Sukaraja, MUI Online – Majelis Ulama Indonesia (MUI) Kabupaten Bogor mengukuhkan pengurus delapan lembaga pada Sabtu (1/8/2026) di Gedung Balai Pelatihan Dharmais, Kecamatan Sukaraja. Pengukuhan yang dilakukan bersamaan dengan pembukaan Pendidikan Kader Ulama (PKU) Angkatan XX tersebut, menjadi langkah strategis untuk memperkuat kelembagaan MUI agar pelayanan kepada umat di bidang dakwah, pendidikan, hukum, literasi, pemberdayaan masyarakat, hingga transformasi digital semakin profesional dan adaptif.
Dalam laporannya, Sekretaris Umum MUI Kabupaten Bogor, H. Irfan Awaludin, M.Si., menyampaikan bahwa delapan lembaga yang dikukuhkan meliputi Lembaga Pengkajian Keagamaan dan Pemberdayaan Umat (LPKPU), Majalah Kalam Ulama, Dakwah Digital, Majma’ Tashwir Masa’il (MTM), Majelis Al-Ilmi li an-Nisa (MANIS), Lembaga Bantuan Hukum (LBH), Lembaga Investigasi Bahaya Aliran Sesat (LIBAS), dan Perpustakaan Kitab Kuning (PUSKINING).

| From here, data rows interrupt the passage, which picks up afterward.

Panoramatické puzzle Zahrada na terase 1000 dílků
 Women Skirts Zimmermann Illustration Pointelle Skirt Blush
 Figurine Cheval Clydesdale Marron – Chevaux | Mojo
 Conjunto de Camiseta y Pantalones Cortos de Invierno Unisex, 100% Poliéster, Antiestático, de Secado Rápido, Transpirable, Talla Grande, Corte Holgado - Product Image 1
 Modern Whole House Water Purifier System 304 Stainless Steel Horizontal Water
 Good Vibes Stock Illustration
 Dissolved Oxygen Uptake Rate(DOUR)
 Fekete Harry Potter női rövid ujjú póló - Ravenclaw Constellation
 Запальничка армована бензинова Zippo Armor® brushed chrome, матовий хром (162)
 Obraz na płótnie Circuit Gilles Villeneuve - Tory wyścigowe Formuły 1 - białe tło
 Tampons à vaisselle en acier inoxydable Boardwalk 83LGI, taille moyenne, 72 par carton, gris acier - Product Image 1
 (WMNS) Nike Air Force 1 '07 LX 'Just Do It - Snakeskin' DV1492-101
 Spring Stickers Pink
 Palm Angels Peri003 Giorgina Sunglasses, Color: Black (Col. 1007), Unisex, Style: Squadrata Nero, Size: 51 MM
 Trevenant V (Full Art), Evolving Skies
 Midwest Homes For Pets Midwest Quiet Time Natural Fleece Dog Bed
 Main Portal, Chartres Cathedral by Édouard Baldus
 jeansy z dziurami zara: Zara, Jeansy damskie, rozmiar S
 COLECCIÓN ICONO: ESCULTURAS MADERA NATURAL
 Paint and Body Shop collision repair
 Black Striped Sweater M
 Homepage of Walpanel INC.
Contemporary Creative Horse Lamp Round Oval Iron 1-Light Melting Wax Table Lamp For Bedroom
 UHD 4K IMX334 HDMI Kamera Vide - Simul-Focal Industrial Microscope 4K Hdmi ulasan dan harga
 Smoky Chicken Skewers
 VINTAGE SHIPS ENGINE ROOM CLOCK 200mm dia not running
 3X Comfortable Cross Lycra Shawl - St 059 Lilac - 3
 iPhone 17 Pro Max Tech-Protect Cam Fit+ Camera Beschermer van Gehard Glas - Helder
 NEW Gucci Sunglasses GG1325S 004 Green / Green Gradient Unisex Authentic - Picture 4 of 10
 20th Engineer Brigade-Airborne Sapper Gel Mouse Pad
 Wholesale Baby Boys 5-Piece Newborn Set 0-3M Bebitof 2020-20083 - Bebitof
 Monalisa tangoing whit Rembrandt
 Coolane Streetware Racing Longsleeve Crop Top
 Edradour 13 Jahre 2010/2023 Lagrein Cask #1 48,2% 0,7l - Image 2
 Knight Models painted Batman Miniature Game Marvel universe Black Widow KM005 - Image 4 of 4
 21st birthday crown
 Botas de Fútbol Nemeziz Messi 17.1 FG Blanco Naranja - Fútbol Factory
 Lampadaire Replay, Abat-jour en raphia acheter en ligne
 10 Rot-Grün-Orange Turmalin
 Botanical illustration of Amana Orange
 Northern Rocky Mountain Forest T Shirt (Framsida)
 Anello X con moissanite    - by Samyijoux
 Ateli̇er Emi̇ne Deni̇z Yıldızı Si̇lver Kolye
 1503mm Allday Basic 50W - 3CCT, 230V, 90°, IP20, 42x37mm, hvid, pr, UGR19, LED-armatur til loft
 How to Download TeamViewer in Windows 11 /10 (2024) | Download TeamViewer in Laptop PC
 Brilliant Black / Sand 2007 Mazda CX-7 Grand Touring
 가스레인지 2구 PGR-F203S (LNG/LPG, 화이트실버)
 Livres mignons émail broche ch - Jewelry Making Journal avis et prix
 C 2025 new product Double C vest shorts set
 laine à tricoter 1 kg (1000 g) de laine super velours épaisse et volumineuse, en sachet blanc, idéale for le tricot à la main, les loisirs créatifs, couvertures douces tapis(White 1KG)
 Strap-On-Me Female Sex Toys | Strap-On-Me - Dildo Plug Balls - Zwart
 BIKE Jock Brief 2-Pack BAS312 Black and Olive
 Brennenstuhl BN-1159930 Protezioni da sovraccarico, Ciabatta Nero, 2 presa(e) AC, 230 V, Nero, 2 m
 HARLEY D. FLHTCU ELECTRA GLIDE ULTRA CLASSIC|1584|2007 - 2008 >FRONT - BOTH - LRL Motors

Gus Irfan mengucapkan selamat kepada seluruh pengurus yang baru dikukuhkan dan berharap masing-masing lembaga mampu menjalankan amanah sesuai bidang pengabdian masing-masing. Menurutnya, setiap lembaga memiliki fungsi strategis dalam mendukung program-program MUI Kabupaten Bogor.
H. Irfan mencontohkan Majma’ Taswir Masail (MTM) yang selama ini konsisten mengkaji berbagai persoalan keagamaan kontemporer yang berkembang di tengah masyarakat. Sementara itu, Kalam Ulama yang terbit sejak 2011 dan memasuki edisi ke-30 terus berperan sebagai media dakwah, literasi, dan publikasi resmi MUI Kabupaten Bogor.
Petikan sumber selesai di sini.